戦闘能力を持った無人機、いわゆるUCAVが急速に広まるなか、制空戦闘機に関しても無人機の方が格闘戦(ドッグファイト)で優位と言われます。しかし、高G機動に耐えられるような機体には大きなデメリットもあるようです。
現代戦に必須の存在になった「UCAV」
昨今の無人航空機(UAV)は、ウクライナや中東での戦いなどに代表されるように、ミサイルや爆弾などを搭載し、目標に対する攻撃が可能なものが、もはやメジャーになりつつあります。
こういった無人機は、「無人戦闘航空システム(UCAV)」と呼ばれたりもしますが、では一段上の性能を持つ、それこそ「無人戦闘機」と呼べるだけの能力を持った機体というと、いまだ登場していません。

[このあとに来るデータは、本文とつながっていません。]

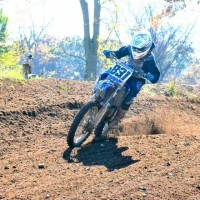 brandon  caldwell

しかし、各国では将来的に有人戦闘機の任務を部分的に担うことが可能なUCAVの開発が進んでいます。UCAVは有人機にはない多くの利点を有し、未来の航空戦において重要な役割を担うと予想されていますが、無人戦闘機と呼べるUCAVはどのような能力を持った機体となるのでしょうか。
現状、戦闘機の飛行性能は特に旋回能力において限界に達しており、おおむねその荷重制限は7~9Gとなっています。これは第二次世界大戦時の戦闘機からまったく進歩していないと言えます(ただし旋回を継続できる時間は圧倒的に長くなった)。その理由はもっぱら人間側に問題があり、7G以上の旋回は肉体に負担を強いて最悪失神に至る恐れがあるため、9Gともなると瞬間的にしか発揮できないことに起因します。
一方、無人戦闘機の最大の特徴は「パイロットが搭乗しない」という点に集約されます。したがって無人戦闘機は人間のG制限から解放され、有人機では実現困難な超高G機動が可能になることはほぼ間違いないでしょう。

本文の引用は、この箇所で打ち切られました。